* _What is expected_
Your response should consist of the entries below, reproduced exactly and without their images.

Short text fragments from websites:
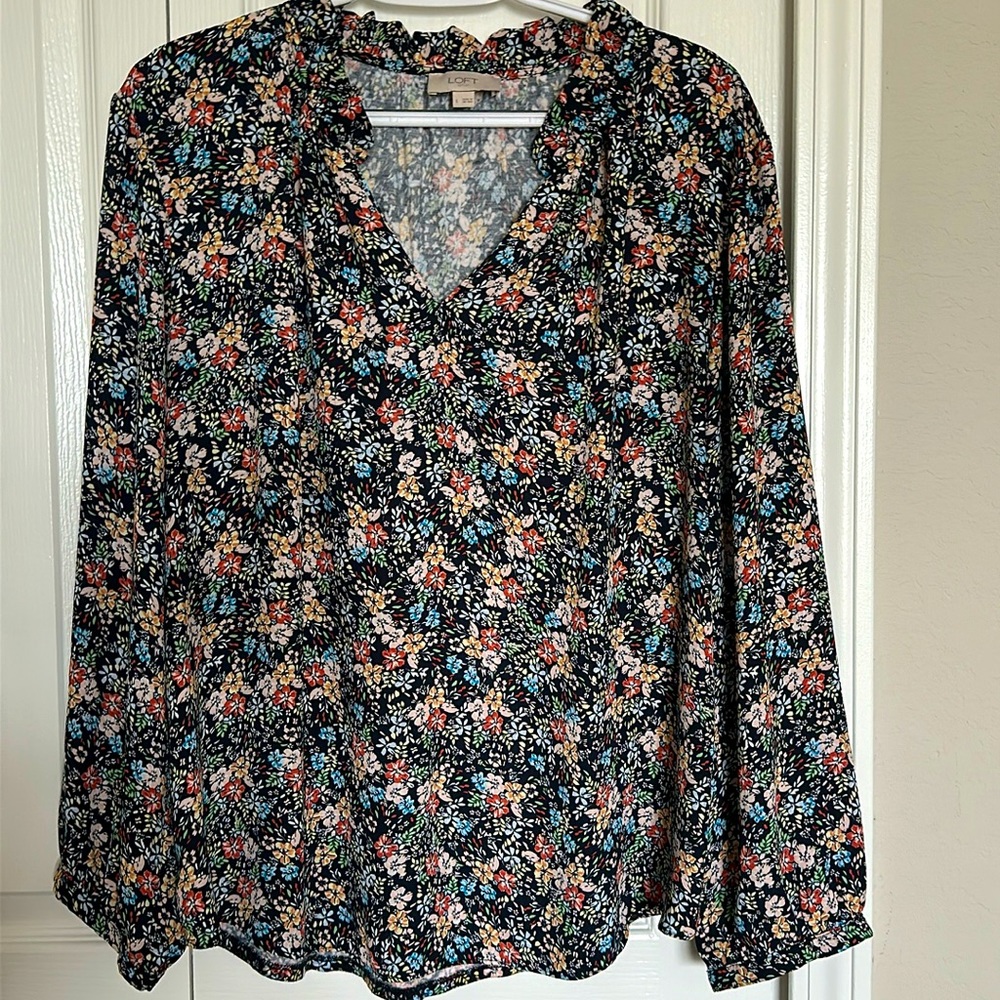 3 loft ruffle neck tops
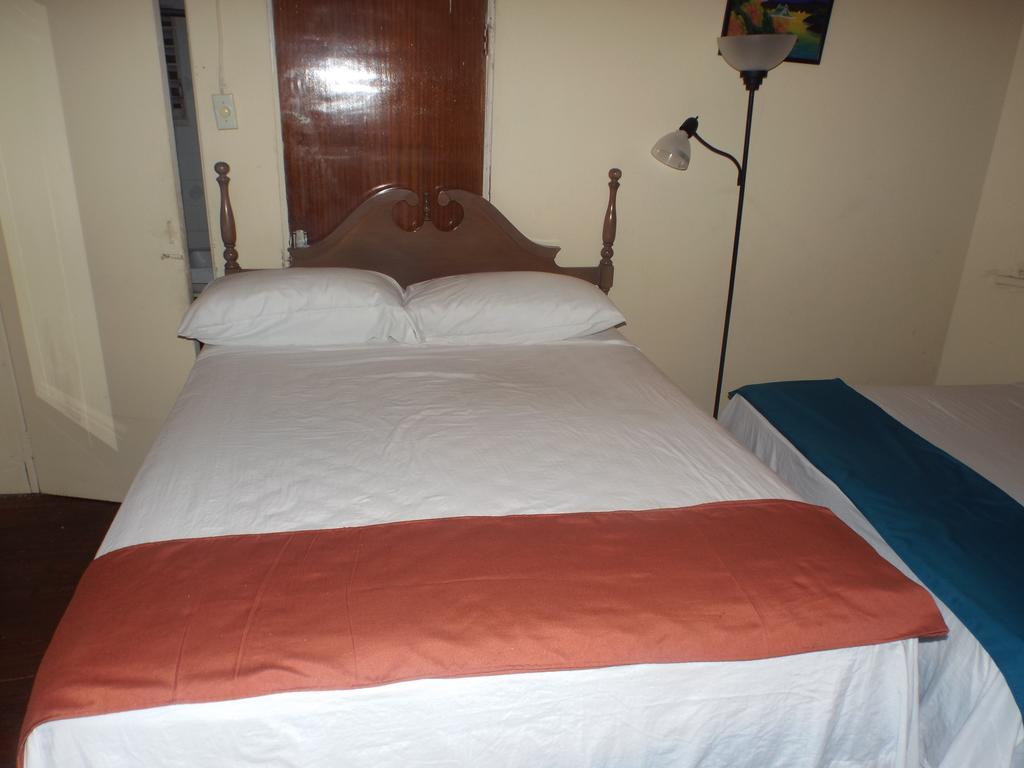 Tropical Court Inn New Kingston Rom bilde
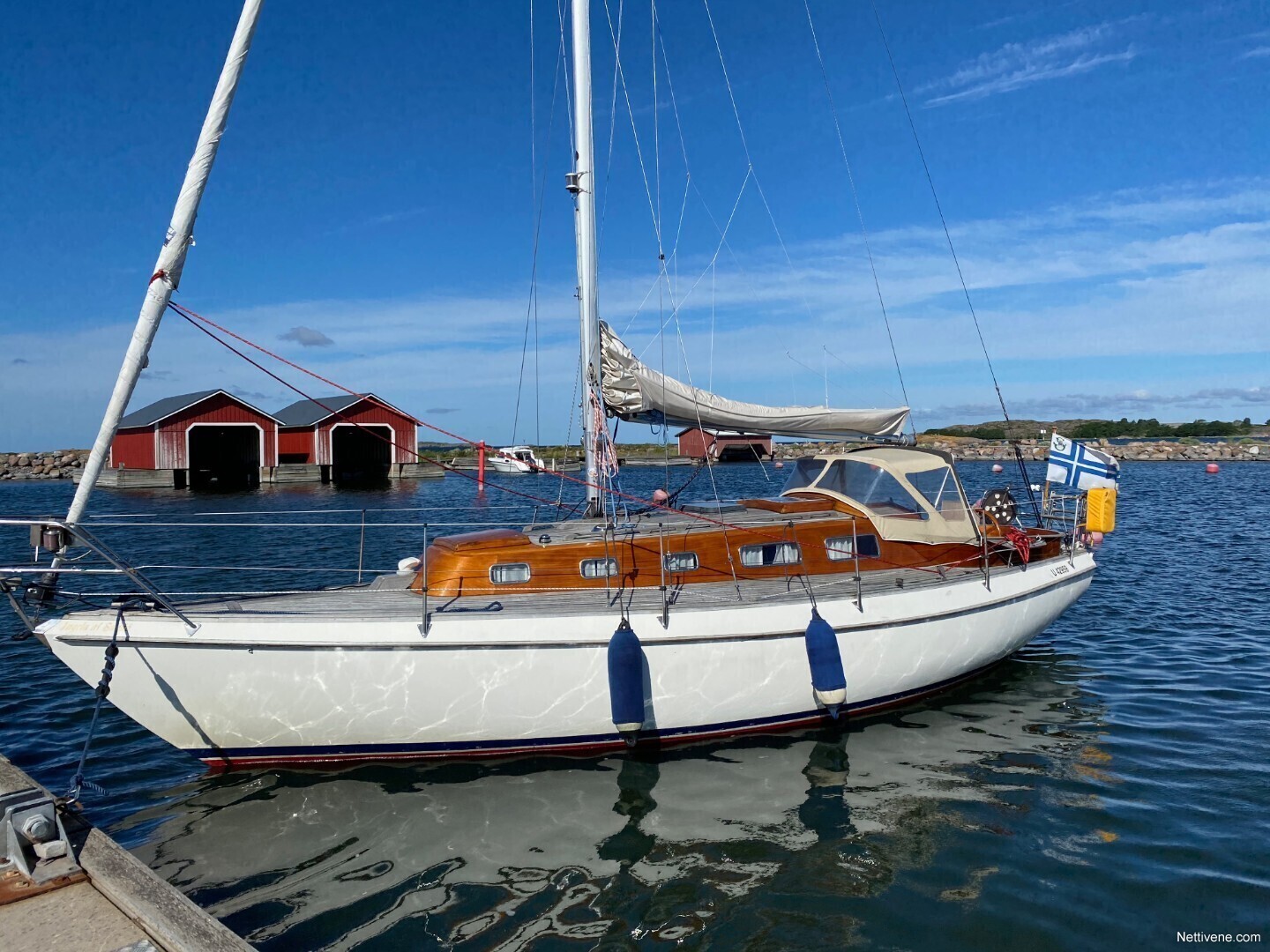 vindo 40 sailboat review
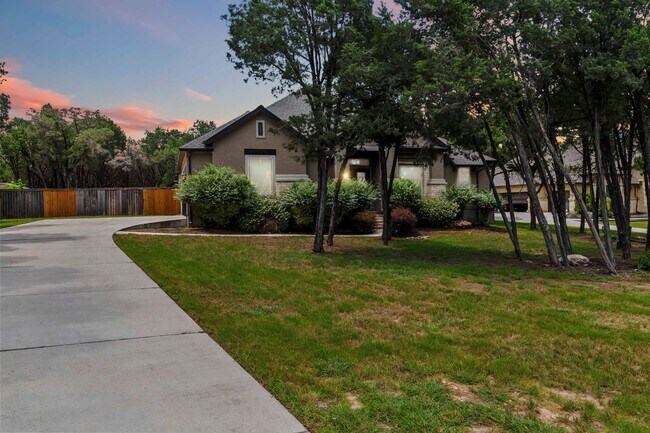 Foto del edificio - 944 Wilderness Oaks
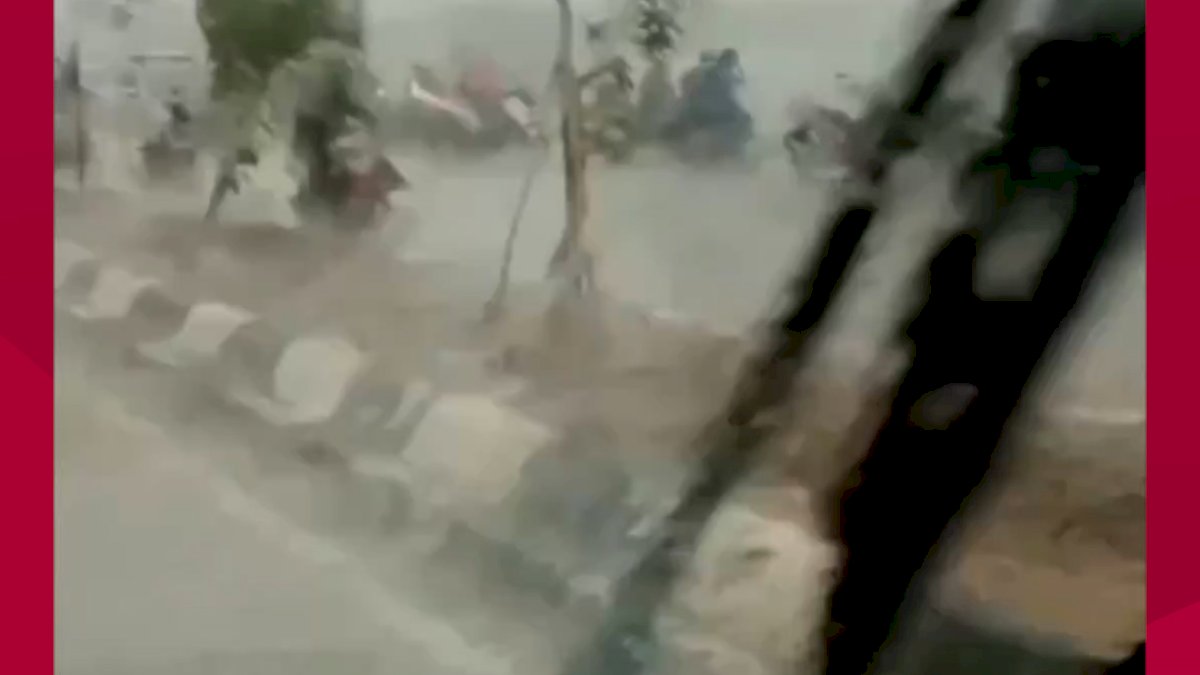 VIDEO: Hujan Deras dan Angin Kencang di Makassar, Bikin Pengendara Motor Tak Berkutik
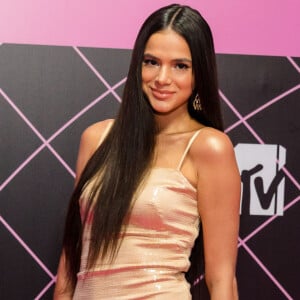 Bruna Marquezine revela que tem um lado que se cobra muito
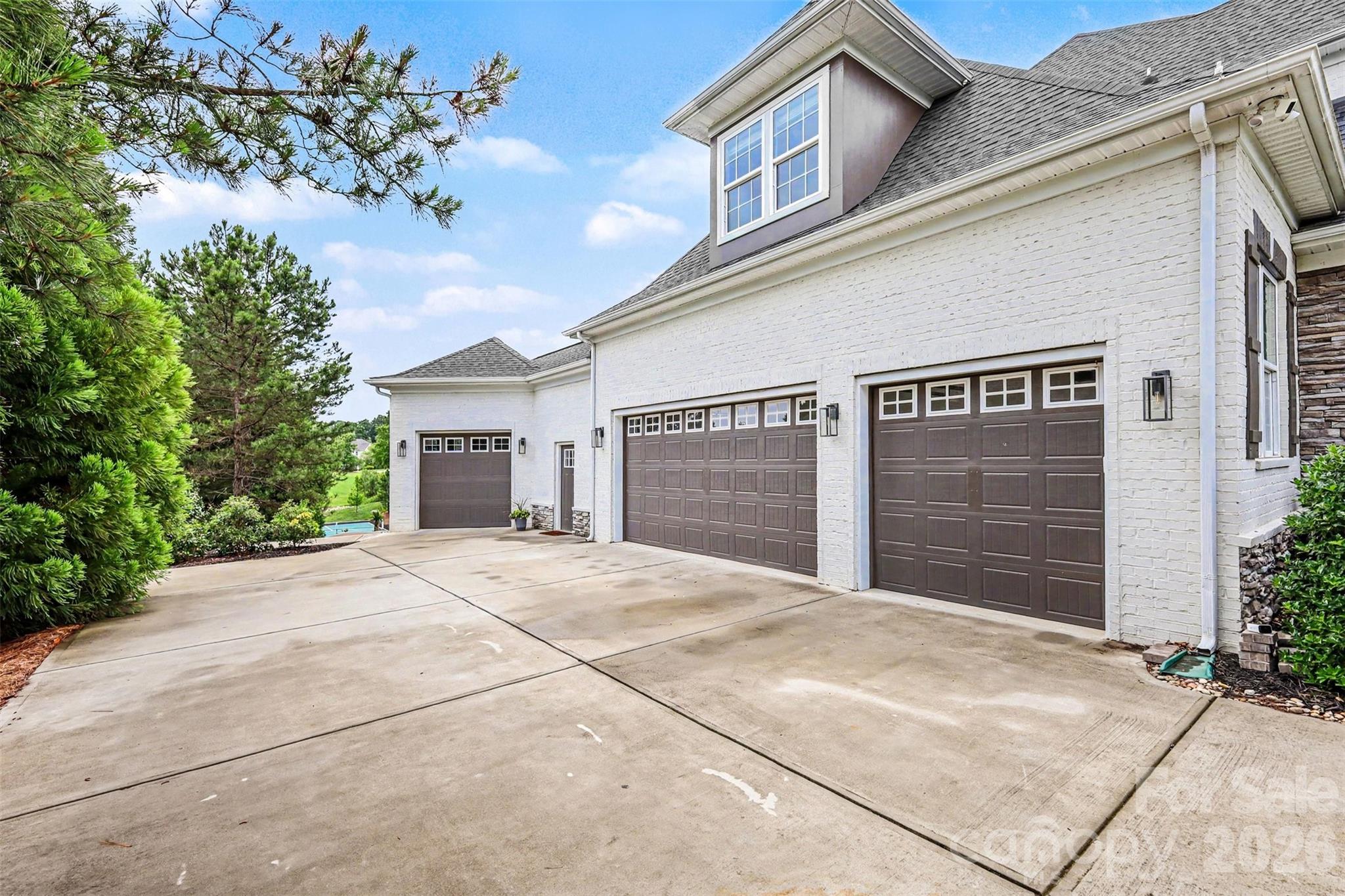 4002 Soleado Drive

* _Exercise output_
 3 loft ruffle neck tops
 Tropical Court Inn New Kingston Rom bilde
 vindo 40 sailboat review
 Foto del edificio - 944 Wilderness Oaks
 VIDEO: Hujan Deras dan Angin Kencang di Makassar, Bikin Pengendara Motor Tak Berkutik
 Bruna Marquezine revela que tem um lado que se cobra muito
 4002 Soleado Drive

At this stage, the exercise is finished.